Conventional EFM is implemented in a noncontact mode AFM, where the force gradient (which includes the electrostatic force gradient as well as the van der Waals force gradient) is used to control the tip-sample distance. Therefore, the probe of the conventional EFM fails to follow the true topography of a sample where a large electrostatic force gradient is present. For example, abrupt changes in the surface potential or surface charge on the sample surface produce large electrostatic force gradients. In such cases, the AFM probe does not follow the true topography but follows the constant force gradient contour.
Such errors in following topography cause successive errors in measuring the electrical properties of the sample. In addition, noncontact mode operation is complicated and its spatial resolution is significantly lower than in contact mode operation since the tip is separated, approximately 10 nm, from the sample.
Therefore, what is desired is a system and method which (1) performs both mechanical and electrical measurements, (2) does not require the probe tip or sample to be mechanically modulated, and (3) operates in contact mode.
SUMMARY OF THE INVENTION
The present invention provides a new measurement technique called “electrostatic force modulation microscopy” (“EFMM”), which measures the mechanical and electrical properties of insulating, semiconducting, and conducting samples with a more precise spatial resolution than that provided by conventional microscopy. In one embodiment, spatial resolution is provided on the order of nanometers.
In accordance with the invention, a sample is provided in an AFM in which the probe tip is maintained in contact with the sample and a voltage having an ac component is applied between the tip and the sample. In one embodiment, the applied voltage also has a dc component.
The present invention also provides an improved structure that implements EFMM. In accordance with the invention, a microscope such as an AFM is provided in which the probe tip contacts a sample. A voltage source is coupled between the tip and sample for providing a bias voltage between the tip and sample. In one embodiment, this bias voltage has both ac and dc components.
Since only the probe tip is vibrated by electrostatic force, mechanical noise from other modes of vibration is eliminated and the force modulation can be performed at a much higher frequency compared to the conventional structures and methods (e.g. FMM and EFM). Furthermore, while conventional electrostatic force microscopy (EFM) is operated in noncontact mode, the present invention operates in contact mode. Another advantage is that the present invention measures both mechanical and electrical characteristics of a sample.
The method and system measure a variety of properties such as the tip-sample capacitive gradient, sample insulation thickness, tip-sample capacitance, sample mechanical hardness, sample surface potential, sample surface charge density, and sample topography and simultaneous combinations thereof.
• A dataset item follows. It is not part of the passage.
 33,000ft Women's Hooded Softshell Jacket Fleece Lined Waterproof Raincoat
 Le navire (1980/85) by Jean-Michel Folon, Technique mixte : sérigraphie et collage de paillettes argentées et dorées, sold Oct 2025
The tip-sample capacitive gradient, the sample insulation thickness, and the tip-sample capacitance at a given location is measured by monitoring the vibration of the probe either at the frequency or at twice the frequency of the applied ac voltage while keeping the applied ac voltage constant.
The relative sample mechanical hardness is measured by monitoring the amplitude of the probe tip vibration at the frequency, or at twice the frequency, of the applied ac voltage. During this time, the ac and dc voltage component amplitude are maintained constant. A frequency spectrum for a local area is also obtained by, for example, changing the frequency of the ac applied voltage and monitoring the result on the amplitude of the vibration of the probe.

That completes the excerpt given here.